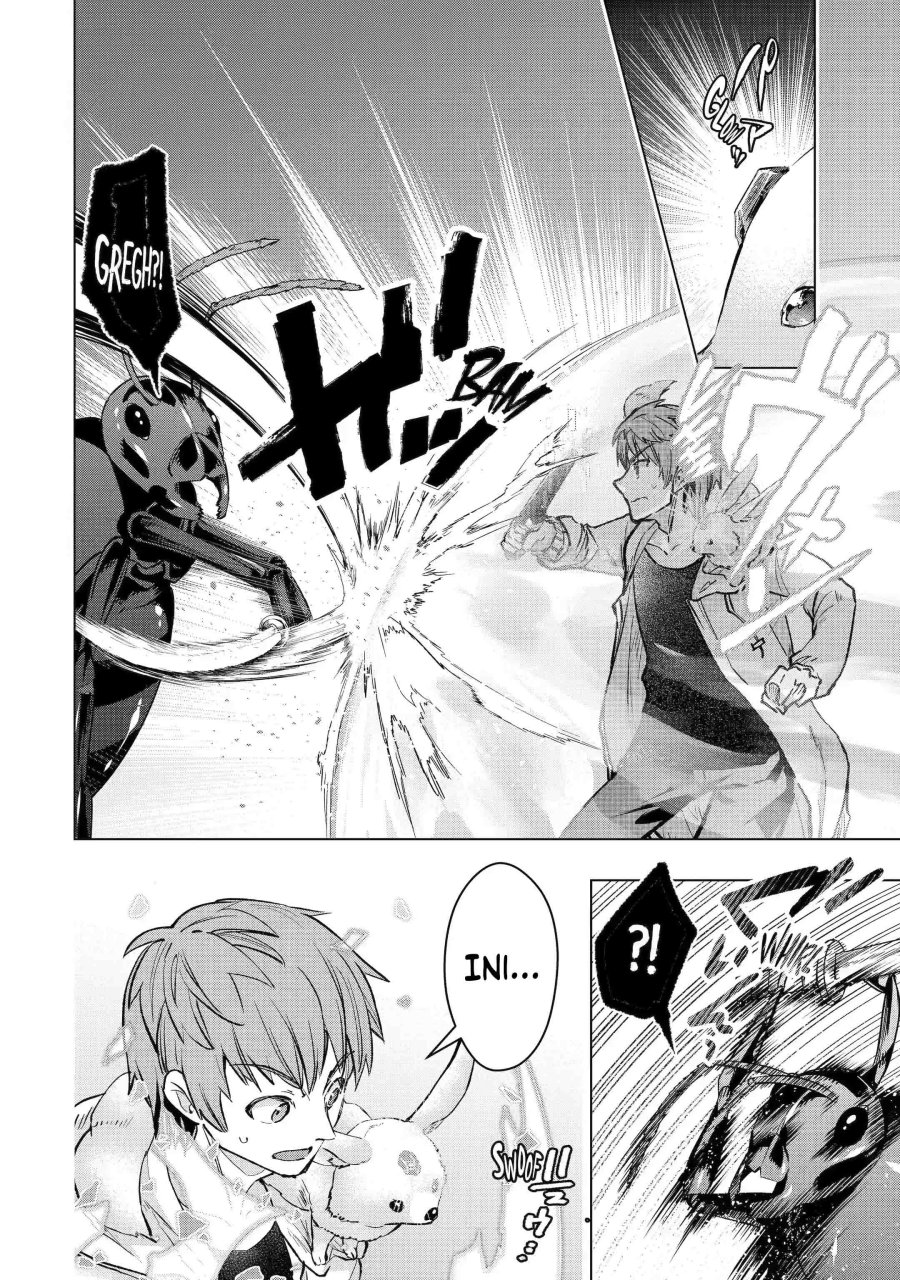 Monster ga Afureru Sekai ni Natta Node, Suki ni Ikitai to Omoimasu Chapter 31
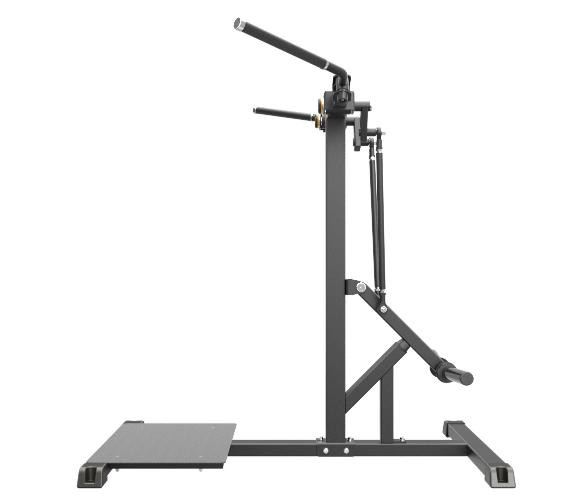 Баттерфляй стоя Impulse IFP1206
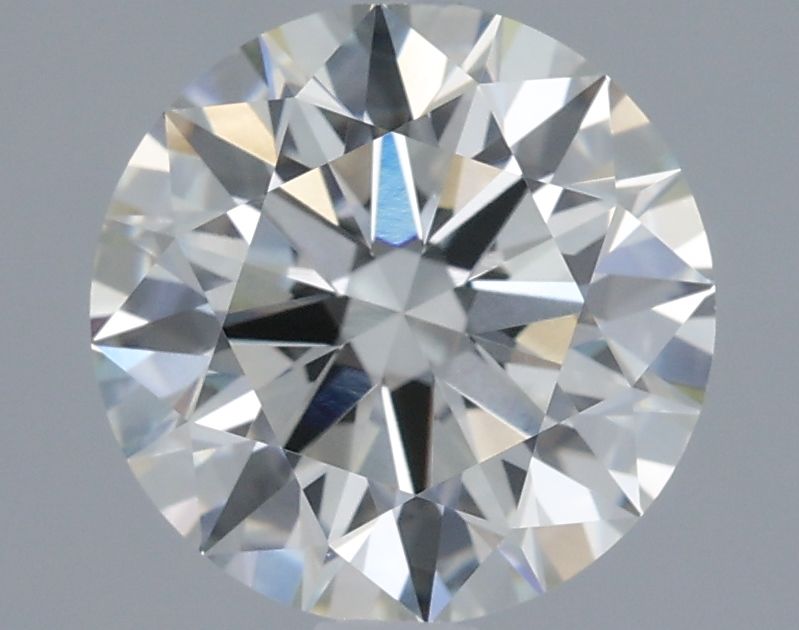 2.06 ct Round diamond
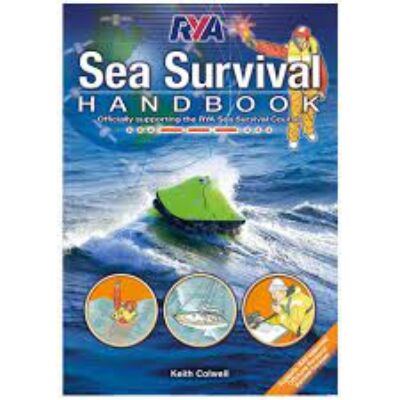 Keith Colwell - Sea Survival Handbook  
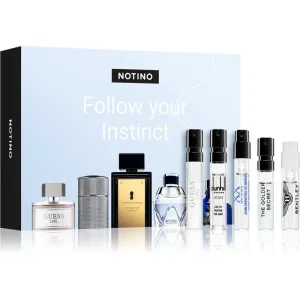 Beauty Discovery Box Notino Follow your Instinct set for men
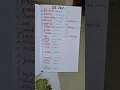 Words ending in ce
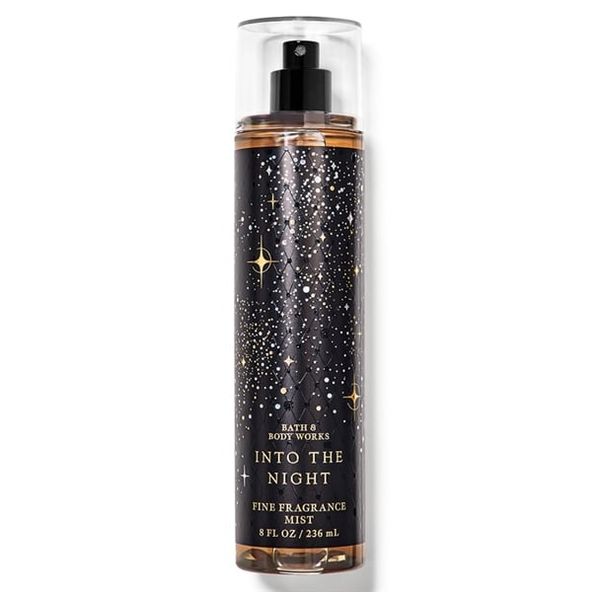 Xịt Toàn Thân BATH & BODY WORKS BBW Into The Night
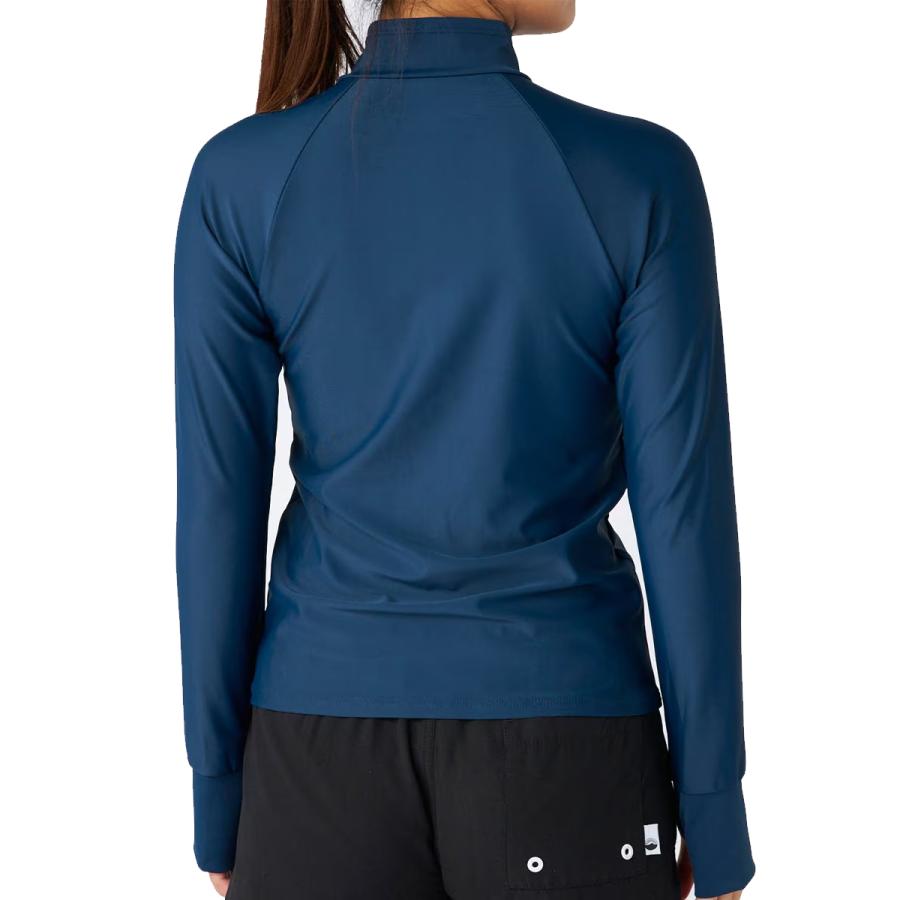 FILA フィラ ZIPラッシュガード レディース 水泳 スイム 海水浴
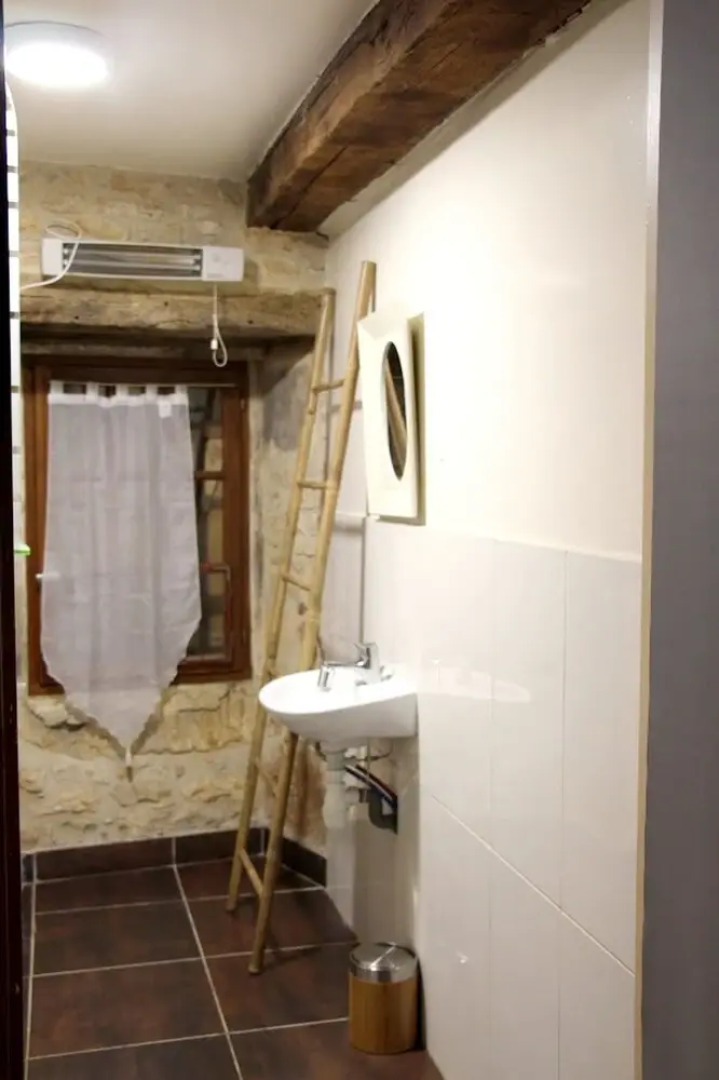 House With 3 Bedrooms In Nadaillac, With Private Pool, Furnished Terra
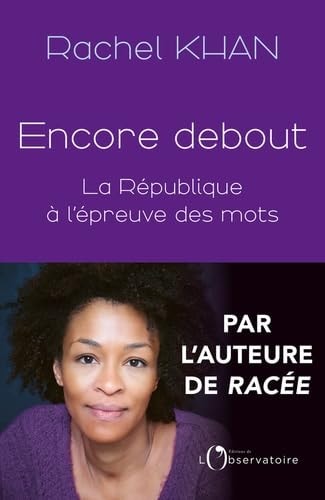 NCORE DEBOUT, de Rachel Khan | portada del libro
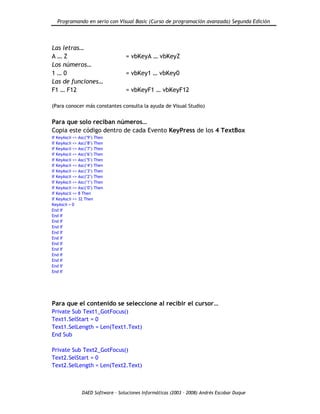Funciones de-visual | PDF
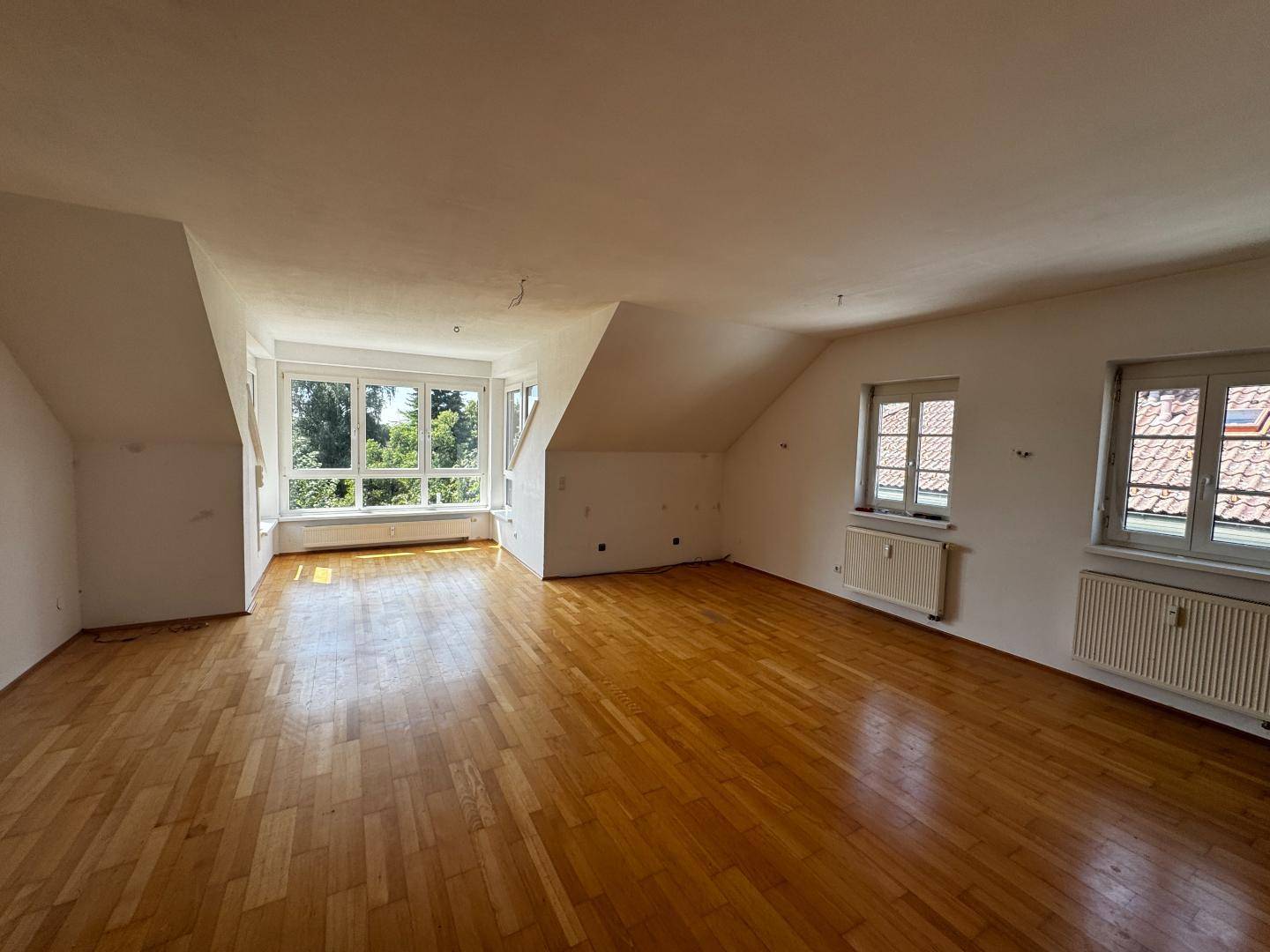 Schöne 3 Zimmer Wohnung im Zentrum von St. Florian - Ansicht 6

##############################

:: PROBLEM DETAILS ::
Pictures do not belong in the copy. Repeat exactly each line from the one with "Words ending in ce" through the end of the listing.

:: RESPONSE ::
 Words ending in ce
 Xịt Toàn Thân BATH & BODY WORKS BBW Into The Night
 FILA フィラ ZIPラッシュガード レディース 水泳 スイム 海水浴
 House With 3 Bedrooms In Nadaillac, With Private Pool, Furnished Terra
 NCORE DEBOUT, de Rachel Khan | portada del libro
Funciones de-visual | PDF
 Schöne 3 Zimmer Wohnung im Zentrum von St. Florian - Ansicht 6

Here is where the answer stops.